Although I'm sure that any successful deployments would no doubt eventually get connected to the backbone via a surreptitious govmt owned black box, too.
Re: Everyone loves a good conspiracy theory
I can't help wondering if a lot of people think that they are a lot more important than they really are and this leads to paranoid fantasies about people watching them, when in reality no-one is interested in them.
Also, this level of paranoia can't be healthy - I know that just because you're paranoid, doesn't mean that they aren't watching you, but on balance of probability they're not.
Re: Everyone loves a good conspiracy theory
as opposed to the police wanting data on everyone 'in case', of course ;o)

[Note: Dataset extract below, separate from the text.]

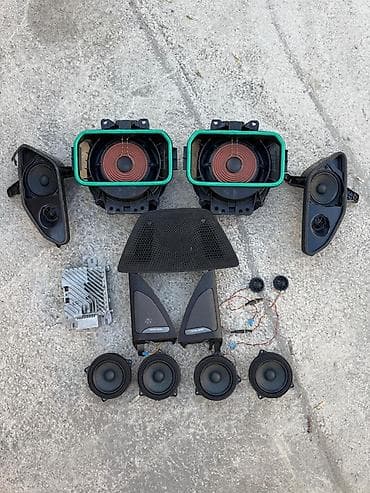 Автоунаа электроникасы: Полный комплект акустики для автомобиля BMW Harman/Kardon. G05,G07 — 1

Re: Everyone loves a good conspiracy theory
So guess you're posting as AC then just in case :)
AC for same reasons...
Cloud,
PITA trying to use the cloud, it never seems to remember your details so gave up trying to use the "free" wifi at my main line station as it's slower to have to log in every passing visit than it is to use 3g to check service status and other crap that for some reason we used to be able to live without whilst traveling...
Re: Cloud,
Yes. The Virgin service is much better, but even then the DNS redirect on the first port 80 traffic of the day from each device screws up a lot of the travel apps that scrape data from various travel websites.
Leaking wifi
I'm quickly going off urban wifi networks. You can't sit on a bus in London merrily reading your emails without being prompted to log in to The Cloud every time you're near a shop, bar, restaurant, gym, or whatever. (Why does Greggs have free wifi anyway?!) By the time you've signed in and clicked the button to say no you don't want to receive emails from Kennington Fried Chicken, your bus has pulled away and you're out of range.
Re: Leaking wifi
The login based WiFi hotspots are rubbish for that; agreed.
Re: Leaking wifi
You know you can configure your phone so that it doesn't prompt you every time it discovers a wifi hotspot right?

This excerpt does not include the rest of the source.